Shading
Plant Modeller can produce a shaded picture of the model as seen in any of the currently open views. The shaded picture temporarily occupies the window where the wireframe picture is drawn and stays there until the program needs to redraw the original view.
There are several user settable parameters controlling shading. When computing illumination the light source is considered to be at infinity.
Shade
Select the view you want to be shaded. Shading uses the default parameters.
Configure shades
Specify how to generate an old style shaded image of a wireframe view. You should create views as shaded to allow OpenGL to take care of the shading.
The following settings are asked:
Number of colors in shading
The panel for this command allows varying the number of different solid colors used and the number of brightness of each color when you have a pseudo-color display. These displays can only show 256 different colors at the same time, though each of these colors is adjustable. It is necessary to limit the number of colors in order to get more shades, since the total number of all shades of all colors is so limited. Too few shades will give a tiled effect. The number of colors determines how many "base colors" are to be used. You can have decent looking pictures when you use 6 colors and 36 shades for each. The RGB (red, green and blue) triples for these base colors are loaded from the color configuration
If your workstation supports "true color" display (15, 16 or 24 bits per pixel) then the above described limitations with respect to the number of colors do not apply. In this case Plant Modeller can use 256 different base colors and brightness values vary between 0 and 65535. The depth of the frame buffer then determines how many different brightness values can actually be displayed for each base color.

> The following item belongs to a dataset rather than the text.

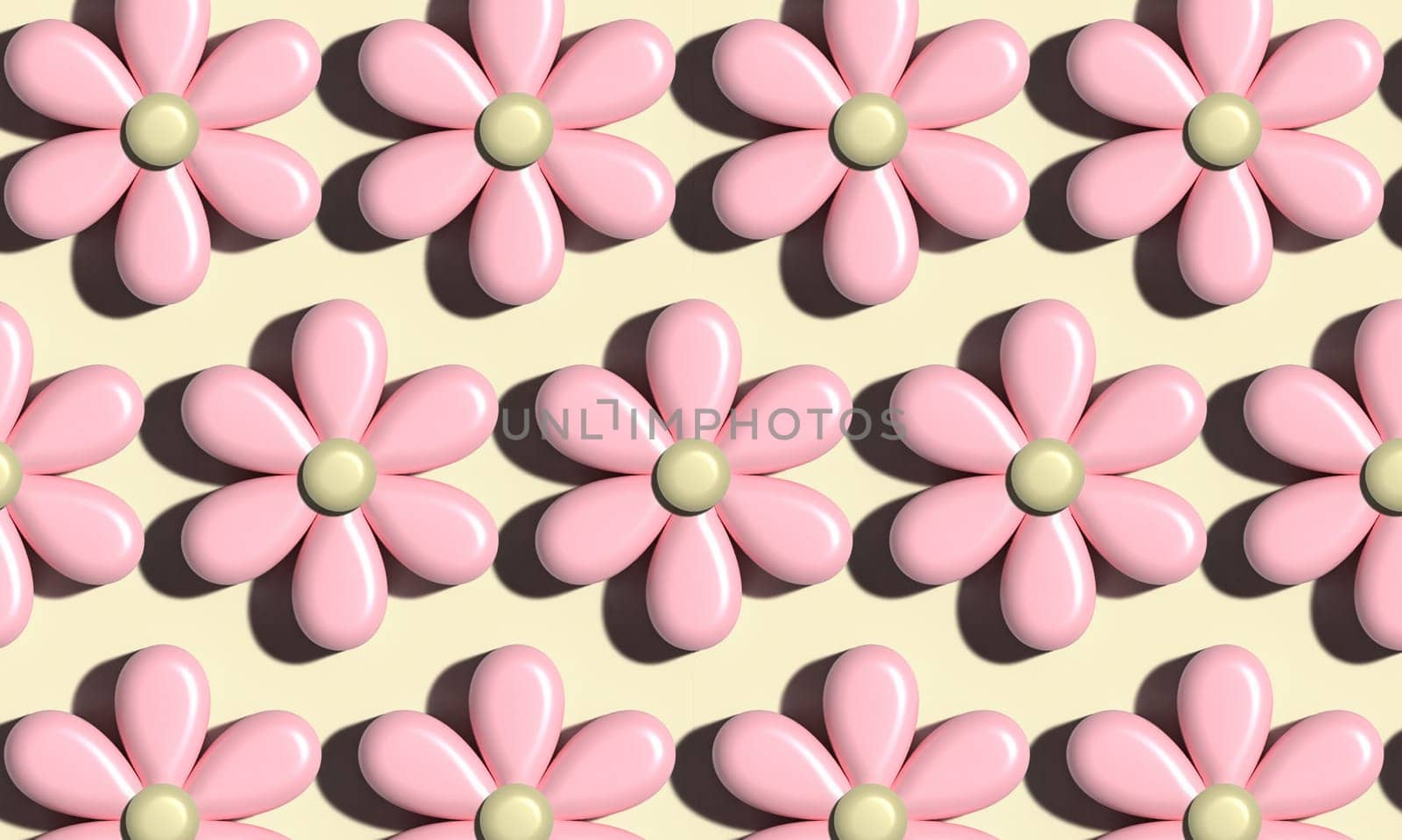 Pink daisies with shadow on a yellow background, pattern, 3D rendering illustration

Number of shades per color
Normally a 3D object is shaded with the same colors used in the wireframe picture. If the number of colors used in shading is less than those used in the wireframe picture then some colors will be reused.
Minimum intensity
Each shading color will have a certain number of different shades computed by varying the values of red, green, and blue through the range of intensities. Internally intensities are scaled from a settable minimum to a maximum of 1.0. Normally the minimum is not zero since that would make the dark side of objects totally black. Minimums in the range of 0.2 to 0.4 will give an omnidirectional ambient light
Draw outlines
When the Draw Outlines flag is set to 1 and hidden lines are removed from the view to be shaded then Plant Modeller draws the wireframe picture after shading onto the shaded view. This can give extra contrast to edges.
Shading parameters are stored permanently into the application defaults file when you exit the system with the "Save" command.
Direction to light source
This command can be used to change the direction for the (simulated) light source for shaded views. The same direction is used for all shaded views.